• **Task statement**: Once you reach the line containing "Centro pristatymas parodantis" in the entries below, write out that line and each one after it down to the line containing "Wholesale Stainless Steel", exactly and with nothing added.

• **Provided information**:
%%

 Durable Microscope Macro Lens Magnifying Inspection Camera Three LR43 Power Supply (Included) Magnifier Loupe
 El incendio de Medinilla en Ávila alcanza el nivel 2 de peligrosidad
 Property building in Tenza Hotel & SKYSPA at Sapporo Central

%%
%%

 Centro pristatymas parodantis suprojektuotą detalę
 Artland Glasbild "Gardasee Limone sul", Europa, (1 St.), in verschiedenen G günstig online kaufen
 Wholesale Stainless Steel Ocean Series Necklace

%%
%%

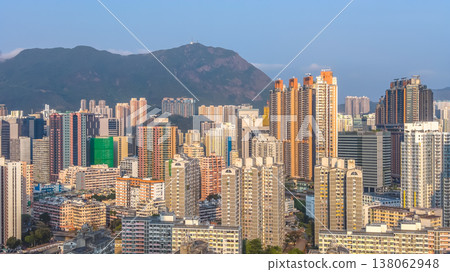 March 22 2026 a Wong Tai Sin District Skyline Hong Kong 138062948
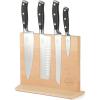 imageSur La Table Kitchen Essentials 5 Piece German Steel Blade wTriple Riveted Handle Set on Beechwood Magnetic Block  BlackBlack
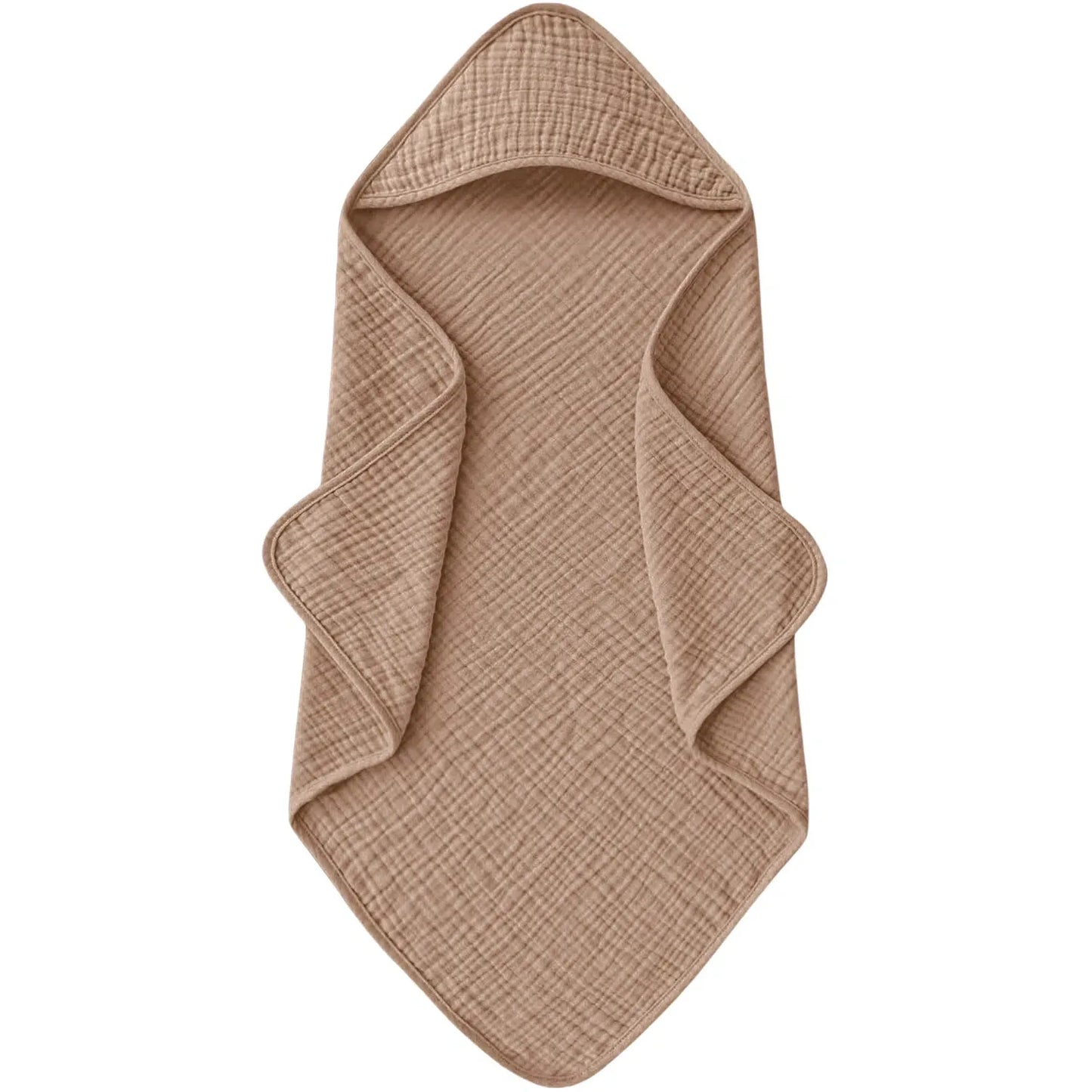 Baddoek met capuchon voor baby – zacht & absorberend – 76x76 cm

%%

• **Written response**:
 Centro pristatymas parodantis suprojektuotą detalę
 Artland Glasbild "Gardasee Limone sul", Europa, (1 St.), in verschiedenen G günstig online kaufen
 Wholesale Stainless Steel Ocean Series Necklace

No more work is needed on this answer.